Margarita Monday Woes

Oct 25, 2017

Madison Harwell, Pepperdine student

While the situation is unfortunate and the typical reaction is to get justice by suing your potential employers at PeR, LMYou, and maybe even the aggregator Dine magazine - That claim is unfound referring to the ruling of Neiman Marcus v. Lait and Weinstein v. Bullick. While there is a cause of action because I'm hypothetically a member of a small class being the student organization abbreviated PEP, their reasoning in not hiring me after the interview stage is found and not a discrimination based on race, sex, age, religion, or disability. Due to the case of Weinstein v. Bullick, because Dine magazine did not include my name and the article was not concerning myself directly, my case would not hold up in a court of law. In this case, because I was not named in the article the court would have to determine if a reader of the magazine could reasonably have concluded that the account referred to myself individually.

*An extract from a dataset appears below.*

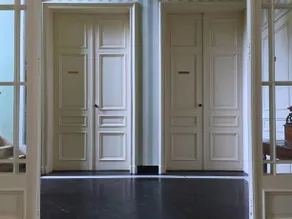 AUTHENTIC 19TH C. MANSION WITH SPACIOUS GARDEN - Image 2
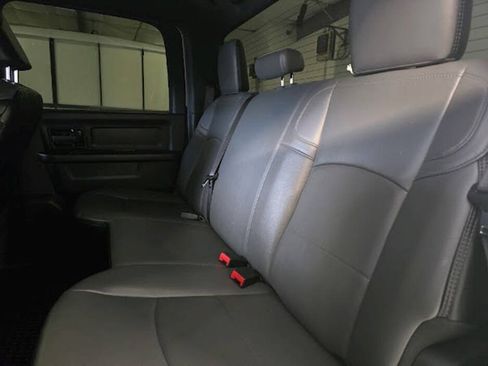 Used 2024 RAM 2500 Tradesman w/ Chrome Appearance Group AWD/4WD image 12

Although if you decided to go after your supposed friend who caused your professional headache in the first place since this took place in California it's possible to option a suit with the case basis of Intentional Interference With Prospective Economic Relations. With this hypothetically I would have to be able to prove the notion, that the friend in question was wrong in her actions. Especially that her conduct was a substantial factor in causing me harm, and that by engaging in her conduct she "intended to disrupt the relationship/ [or] knew that disruption of the relationship was certain or substantially certain to occur."

This law particularly is pulling from the authority of Settimo Associates v. Environ Systems, Inc. (1993) where the verdict states, "The tort of intentional or negligent interference with prospective economic advantage imposes liability for improper methods of disrupting or diverting the business relationship of another which fall outside the boundaries of fair competition." Additionally, in California the verdict of Youst v. Longo (1987), whereas the "five elements for intentional interference with prospective economic advantage are: (1) [a]n economic relationship between the plaintiff and some third party, with the probability of future economic benefit to the plaintiff; (2) the defendant's knowledge of the relationship; (3) intentional acts on the part of the defendant designed to disrupt the relationship; (4) actual disruption of the relationship; and (5) economic harm to the plaintiff proximately caused by the acts of the defendant."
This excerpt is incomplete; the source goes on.